Venezuela's Hugo Chavez faces new cancer battle, surgery in Cuba
The president, who had just returned from Cuba early Friday, said on television late Saturday that tests had found a return of "some malignant cells" in the same area where tumors were previously removed.
Chavez's quick trip home appeared aimed at sending a clear directive to his inner circle that Maduro is his chosen successor. He called for his allies to pull together, saying: "Unity, unity, unity."
He also said it's important for the military to remain united, saying: "the enemies of the country don't rest."
Chavez said his doctors had recommended he have the surgery right away, but that he had told them he wanted to return to Venezuela first.
"What I came for was this," he said, seated below a portrait of independence hero Simon Bolivar, the inspiration of his Bolivarian Revolution movement.
Chavez had named Maduro, his longtime foreign minister, as his choice for vice president three days after winning re-election. The 50-year-old Maduro, a burly former bus driver, has shown unflagging loyalty and become a leading spokesman for Venezuela's socialist leader in recent years.
Chavez said that if new elections are eventually held, his movement's candidate should be Maduro.
"In that scenario, which under the constitution would require presidential elections to be held again, you all elect Nicolas Maduro as president," Chavez said. "I ask that of you from my heart."
Chavez called him "one of the young leaders with the greatest ability to continue, if I'm unable to ... continue with his firm hand, with his gaze, with his heart of a man of the people."
Chavez was flanked by both Maduro and Cabello, and he held a small blue copy of the constitution in his hands.
State television showed Chavez's supporters congregating in squares in various cities, and some joined hands to pray for his health. At the gathering in downtown Caracas, some expressed optimism that Chavez would pull through it. Others said they weren't sure.
"I love Chavez, and I'm worried," said Leonardo Chirinos, a construction worker. "We don't know what's going to happen, but I trust that the revolution is going to continue on, no matter what happens."
Chavez called his relapse a "new battle." It will be his third operation to remove cancerous tissue in about a year and a half.
The president underwent surgery for an unspecified type of pelvic cancer in Cuba in June 2011, after an operation for a pelvic abscess earlier in the month.
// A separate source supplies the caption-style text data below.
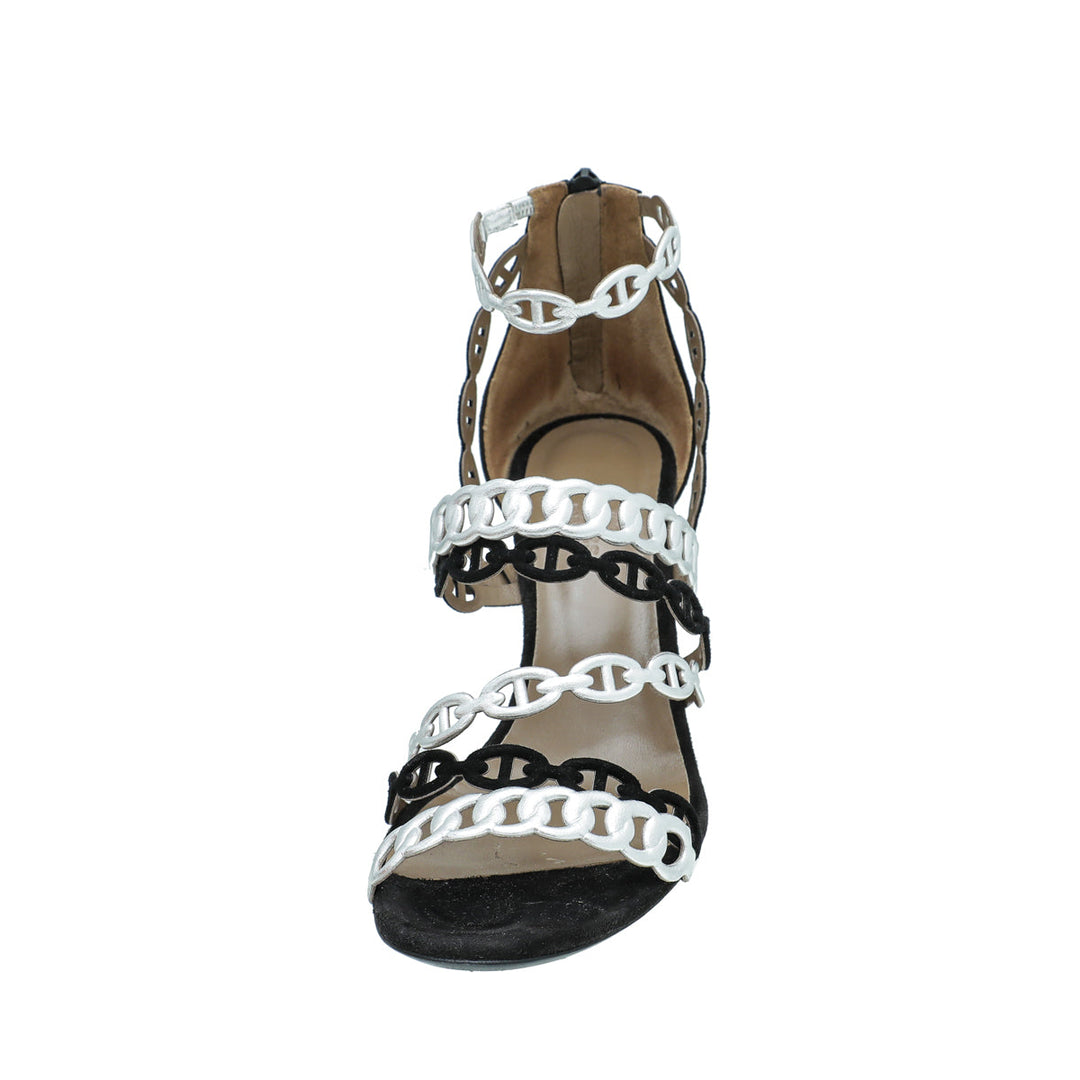 Top quality Hermes Bicolor Chaine D'ancre Romy Sandals 38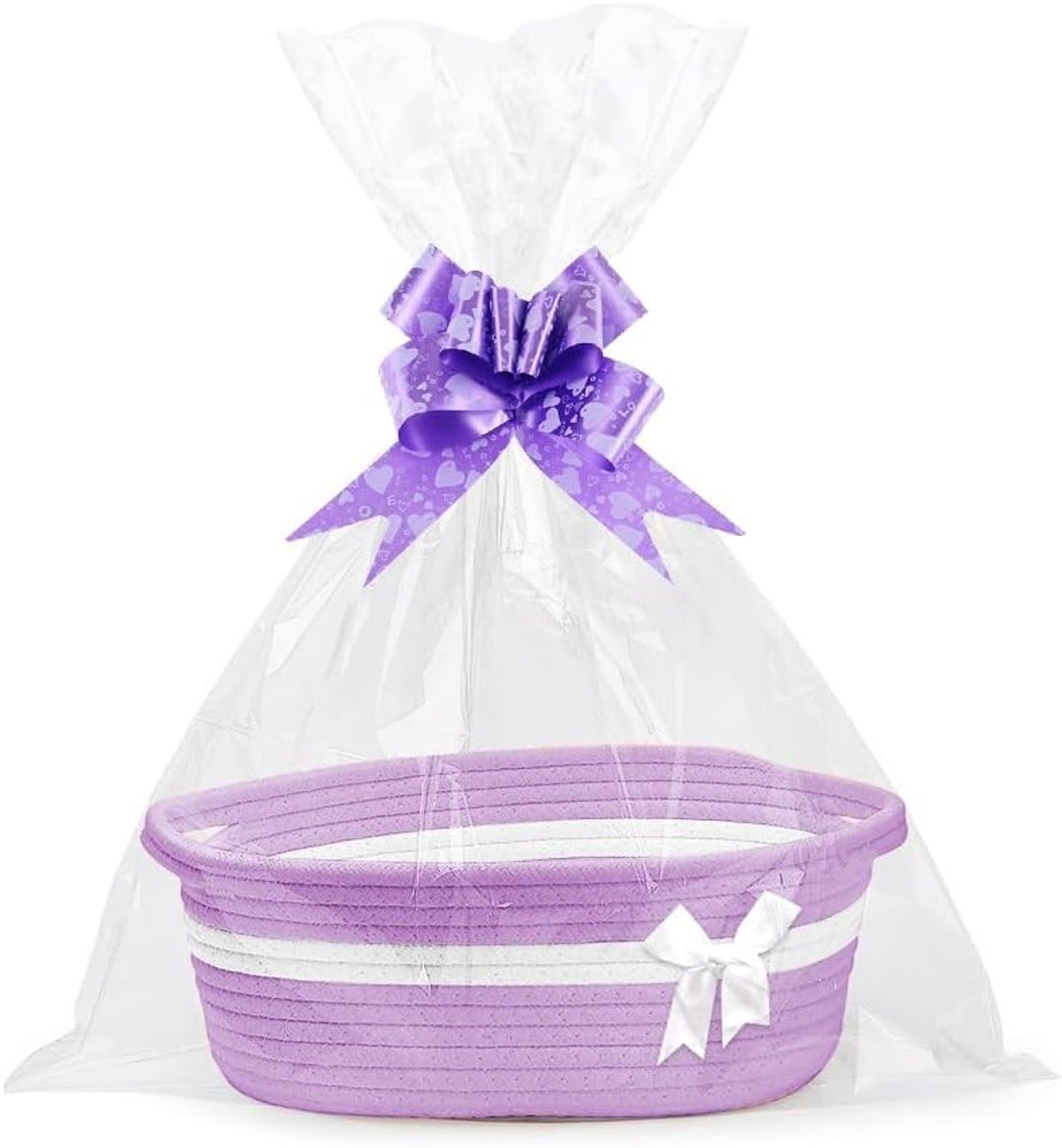 Lege Cadeaumand met 2 Transparante Cadeautassen en 2 Cadeaubogen voor Babyshowers, Verjaardagen en Feestdagen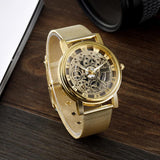 Quartz watch men's fashion stainless steel mesh belt hollow out quartz wrist watch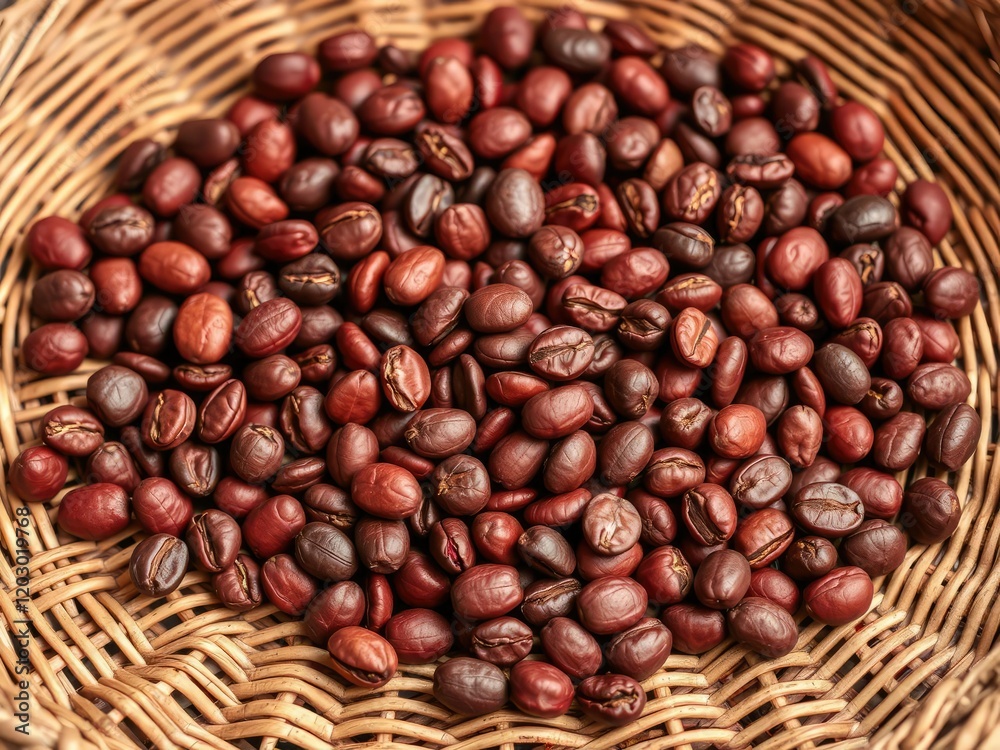 Bright red to dark brown dry fermented cocoa beans scattered on a wicker woven bamboo tray, fermented, wicker weave, dried Bright red to dark brown dry fermented cocoa beans scattered on a wicker woven bamboo tray, fermented, wicker weave, dried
He had another cancer surgery last February after a tumor appeared in the same area. He has also undergone chemotherapy and radiation treatments.
Chavez said in July that tests showed he was cancer-free. But he had recently reduced his public appearances, and he made his most recent trip to Cuba on the night of Nov. 27, saying he would receive hyperbaric oxygen treatment. Such treatment is regularly used to help heal tissues damaged by radiation treatment.
Chavez said that while he was in Cuba tests detected the recurrence of cancer.
Dr. Julian Molina, an oncologist at the Mayo Clinic in Rochester, Minnesota, said that based upon the limited information Chavez has made public about his cancer it appears to be terminal.
"For a patient in similar circumstances where you have given surgery as a first line of treatment, then chemotherapy, then radiation therapy and you are still dealing with a tumor this late — that indicates that it is not a curable cancer," he told The Associated Press in a telephone interview.
Molina and other medical experts said Chavez's next surgery likely won't be high-risk.
"I think if they are planning to do any surgery it is to improve his quality of life, meaning to remove a tumor that is located in a place that is either producing some pain or some difficulty for the patient," Molina said.